**What you have to do**
The line containing "FOTO: Amílcar Izaguirre." marks the start of the required copy, which runs to the final line of the entries; return those lines exactly, without any pictures.

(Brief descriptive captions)
- - -

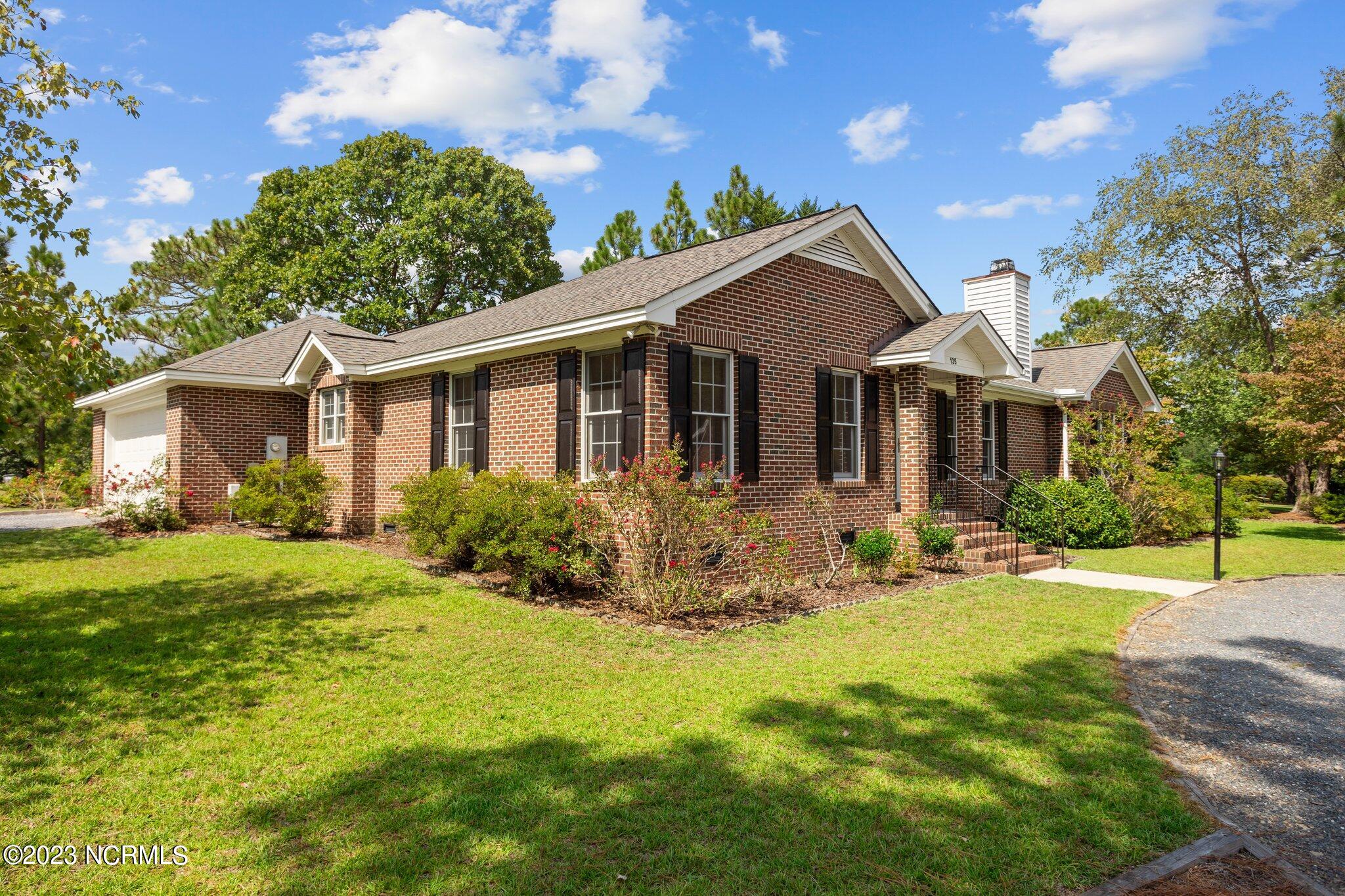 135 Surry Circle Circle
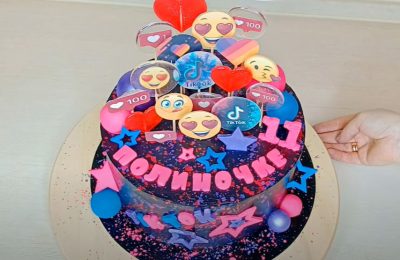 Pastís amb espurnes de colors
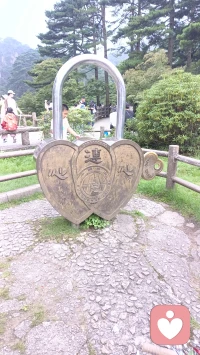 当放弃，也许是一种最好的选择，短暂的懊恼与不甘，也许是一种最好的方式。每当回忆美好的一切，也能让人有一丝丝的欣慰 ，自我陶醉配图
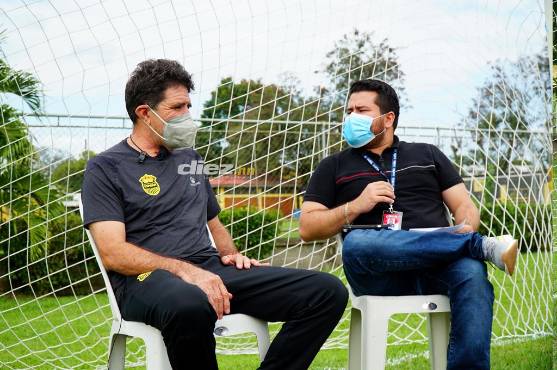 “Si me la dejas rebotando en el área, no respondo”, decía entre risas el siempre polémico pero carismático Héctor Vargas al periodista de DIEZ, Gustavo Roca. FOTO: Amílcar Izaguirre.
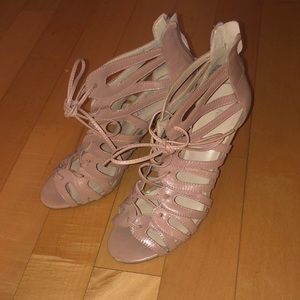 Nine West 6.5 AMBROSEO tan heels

- - -

**Your solution**
 “Si me la dejas rebotando en el área, no respondo”, decía entre risas el siempre polémico pero carismático Héctor Vargas al periodista de DIEZ, Gustavo Roca. FOTO: Amílcar Izaguirre.
 Nine West 6.5 AMBROSEO tan heels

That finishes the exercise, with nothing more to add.